ABOUT THIS TASK »
Would you return the lines that run from the start of the data below to the line with "15 Battery Cove", both included, exactly as written and without pictures?

Captioned web images »
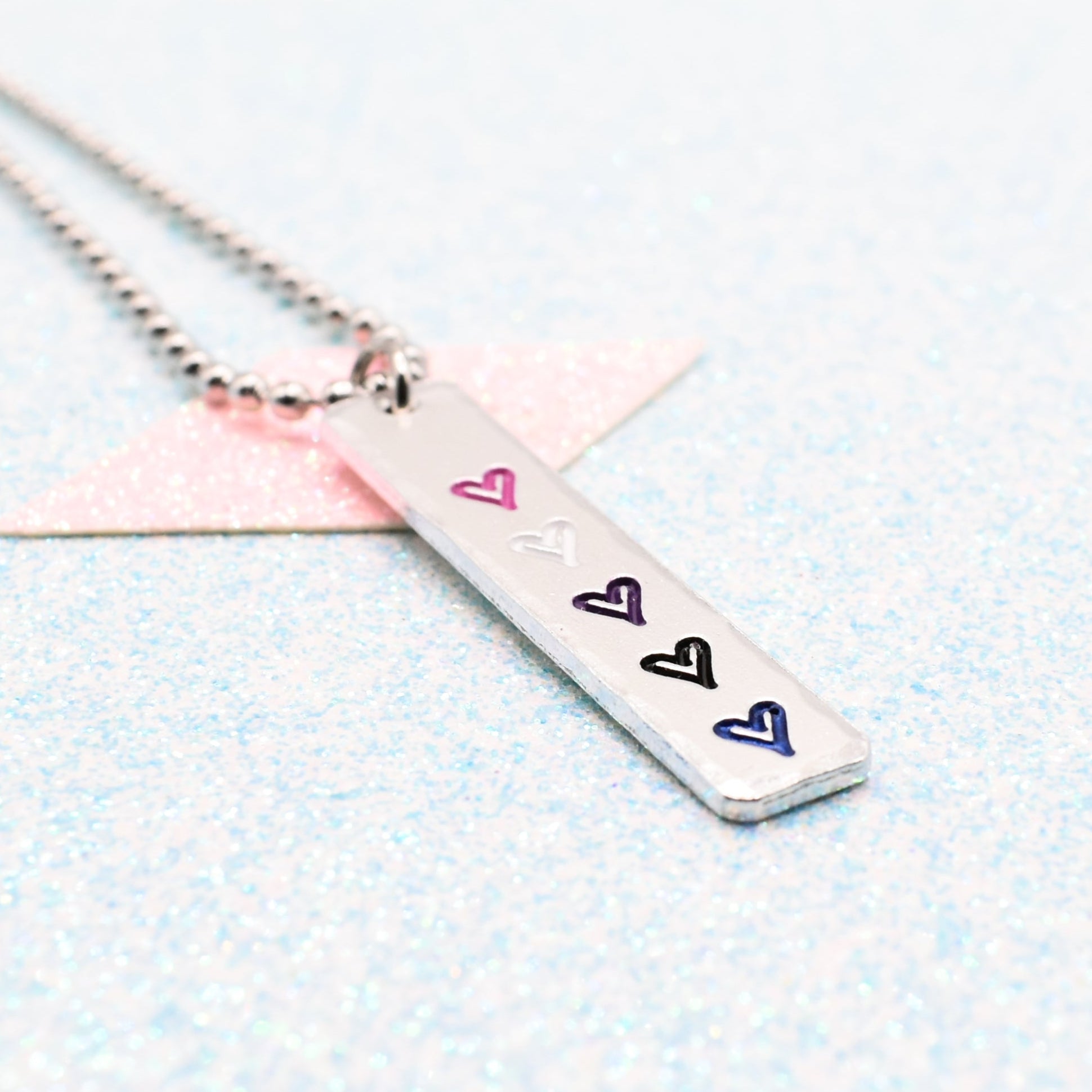 Necklace with a bar pendant on a ball chain featuring colourful hearts representing the gender fluid pride flag on a light blue background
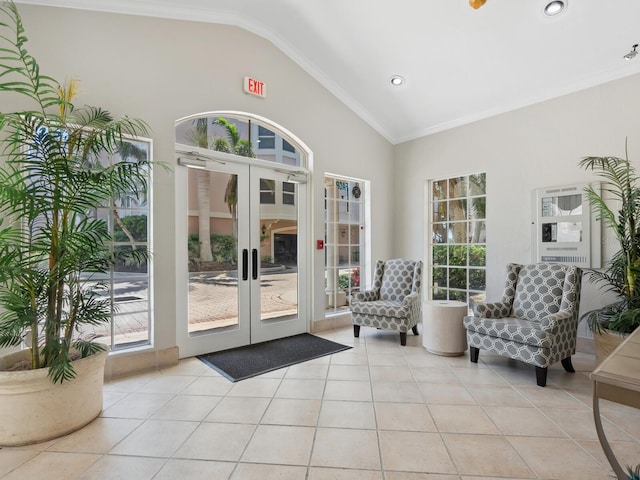 doorway with lofted ceiling, french doors, light tile patterned floors, crown molding, and recessed lighting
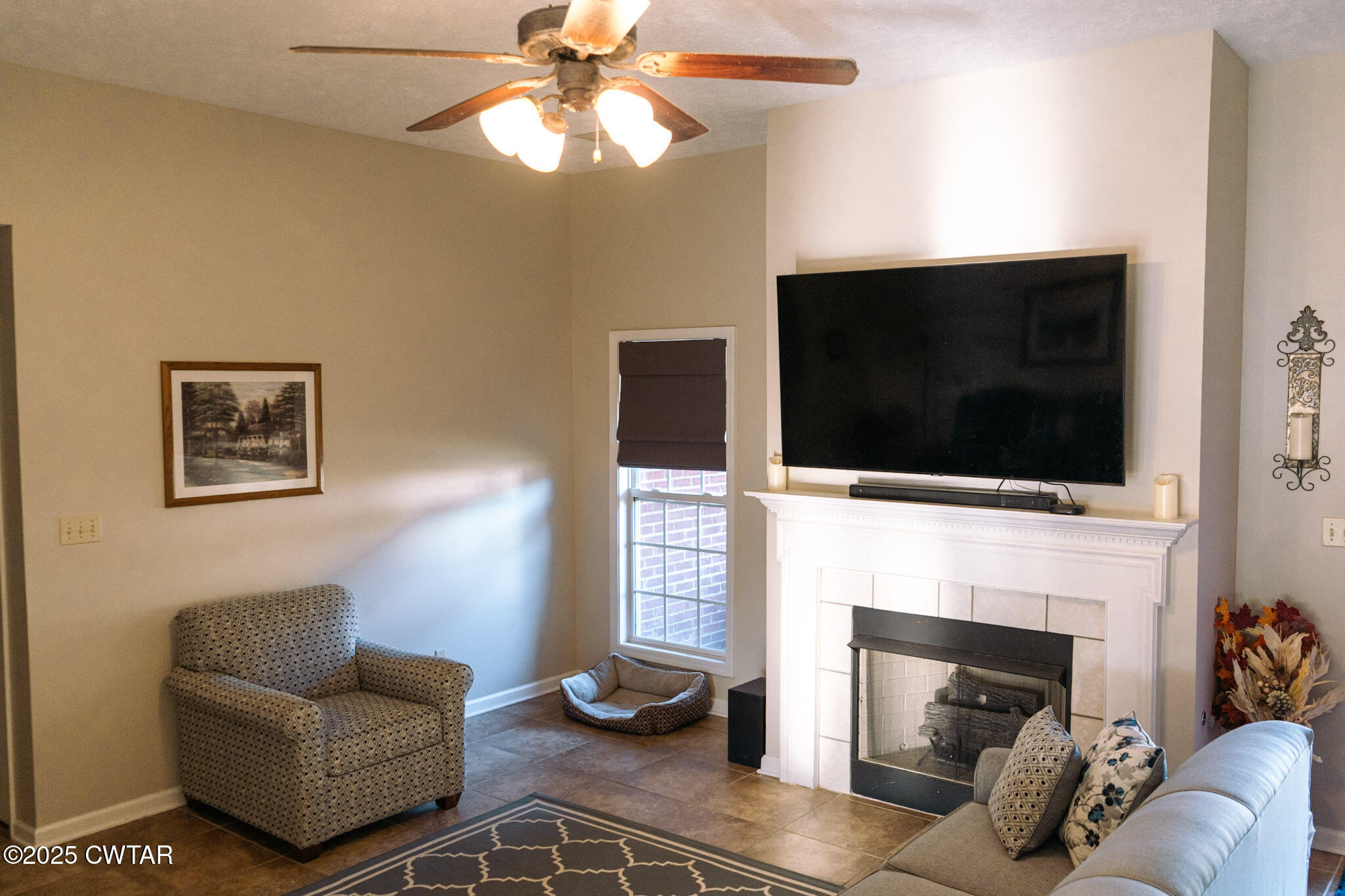 15 Battery Cove Jackson, TN 38305 - Photo 15 of 25 a living room with furniture a flat screen tv and a fireplace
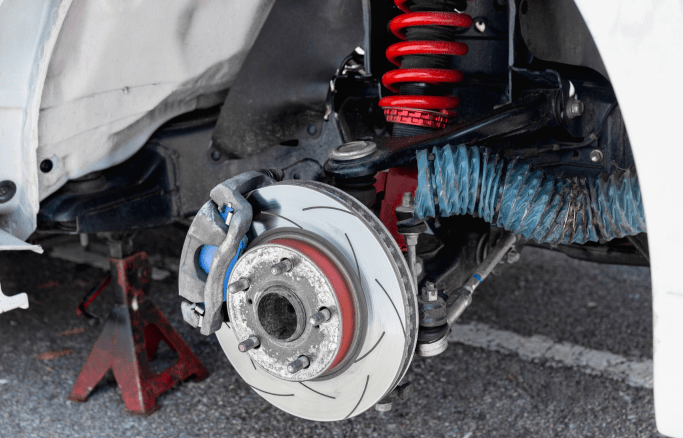 Vehicle wheel and brake system being serviced at auto repair shop.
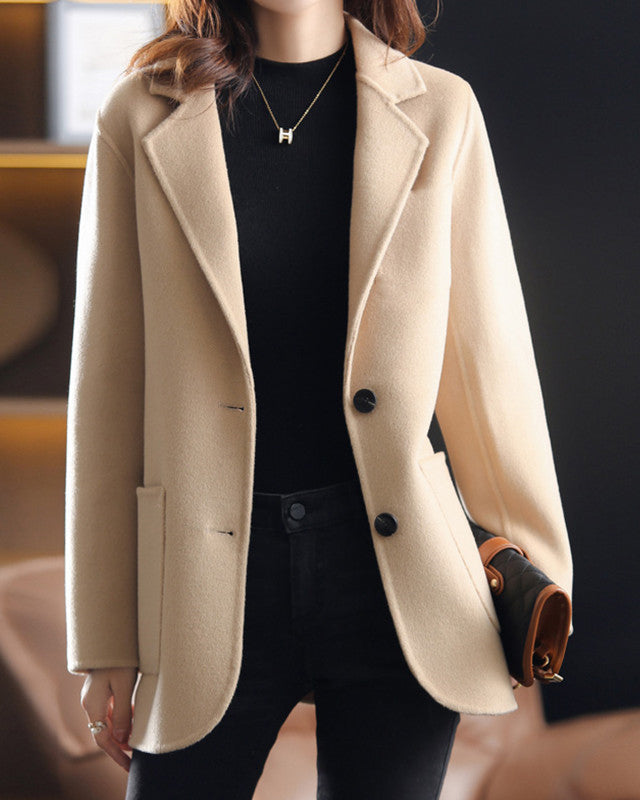 Elegant Lumina Wear Valentina wool coat with relaxed fit and lapel collar, shown hanging on a wooden coat rack.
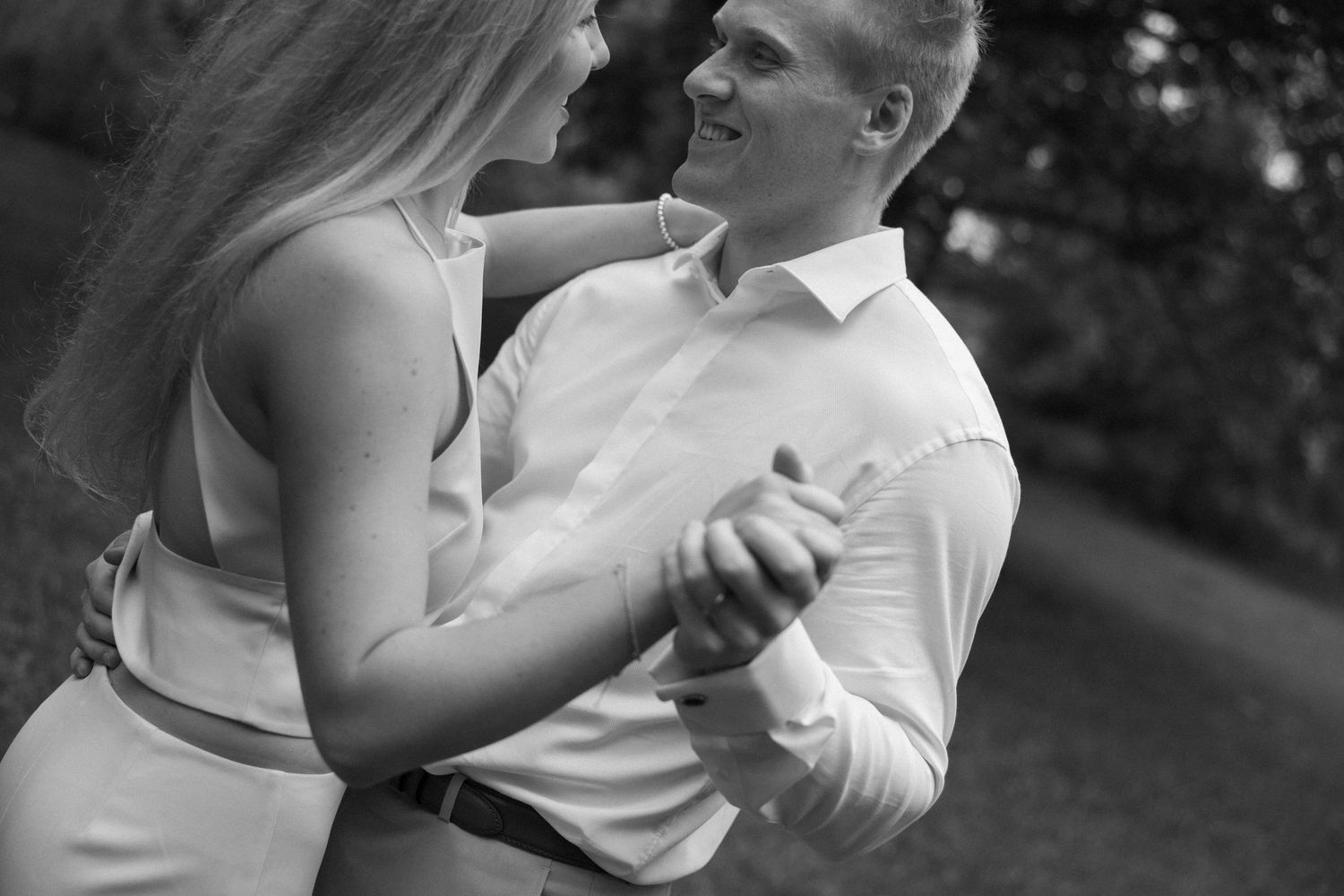 Black and white photo of a couple dancing outdoors, smiling and holding hands in a romantic embrace.
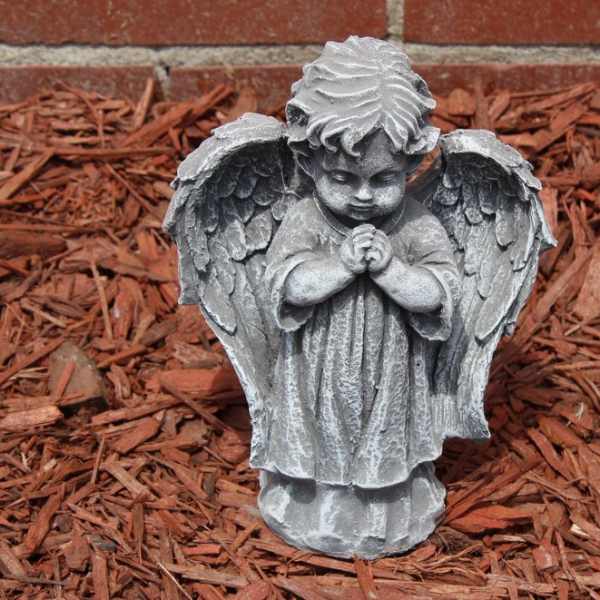 Stone angel statue with folded hands in a mulch bed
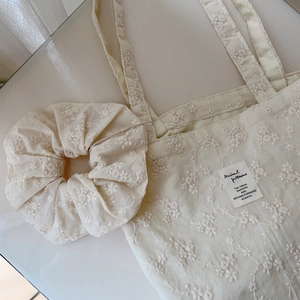 Detail of cream cotton tote bag and scrunchie with delicate floral embroidery
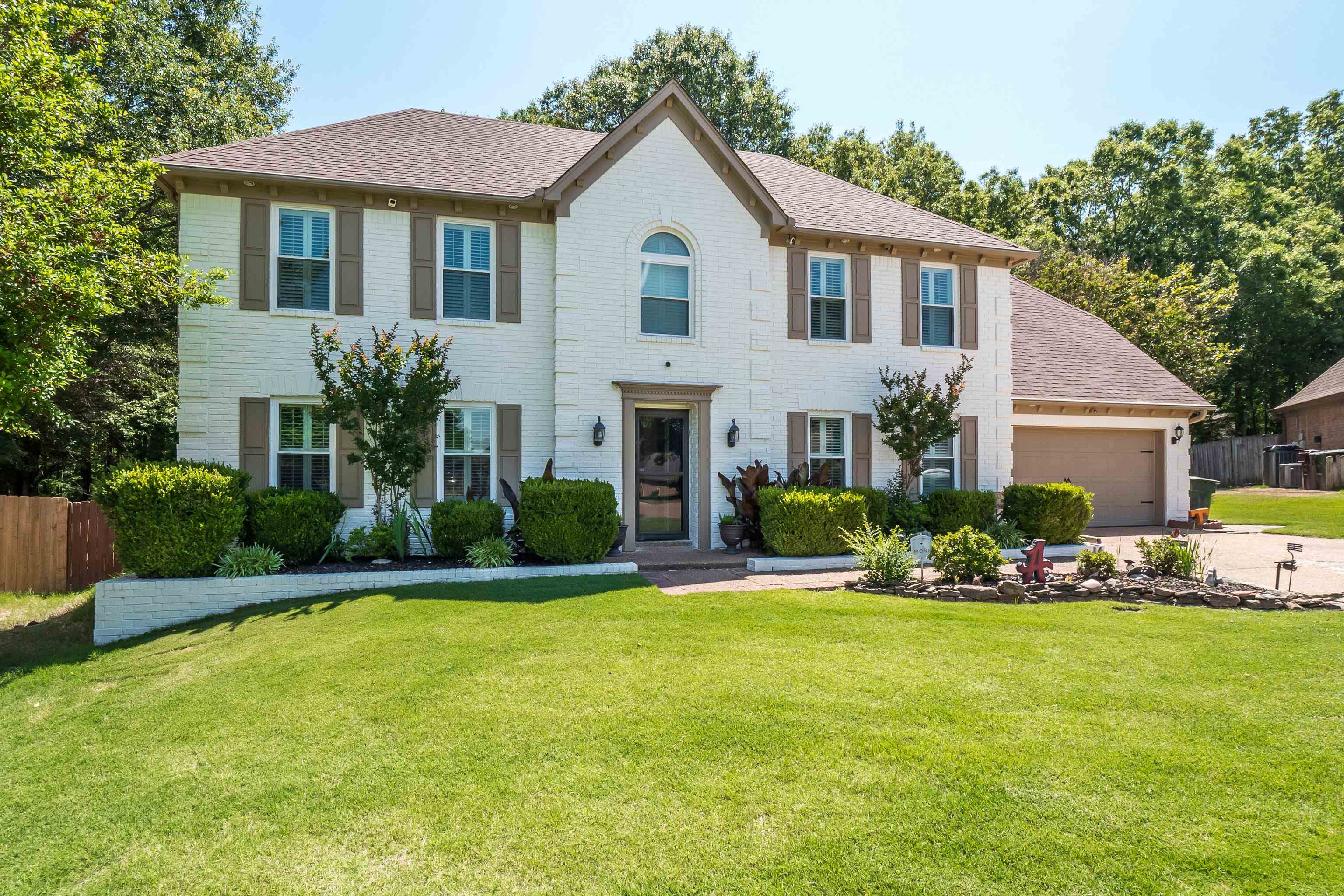 226 Wolf Ridge Cove Collierville, TN 38017 - Photo 1 of 25 a front view of a house with a yard and porch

SOLUTION »
 Necklace with a bar pendant on a ball chain featuring colourful hearts representing the gender fluid pride flag on a light blue background
 doorway with lofted ceiling, french doors, light tile patterned floors, crown molding, and recessed lighting
 15 Battery Cove Jackson, TN 38305 - Photo 15 of 25 a living room with furniture a flat screen tv and a fireplace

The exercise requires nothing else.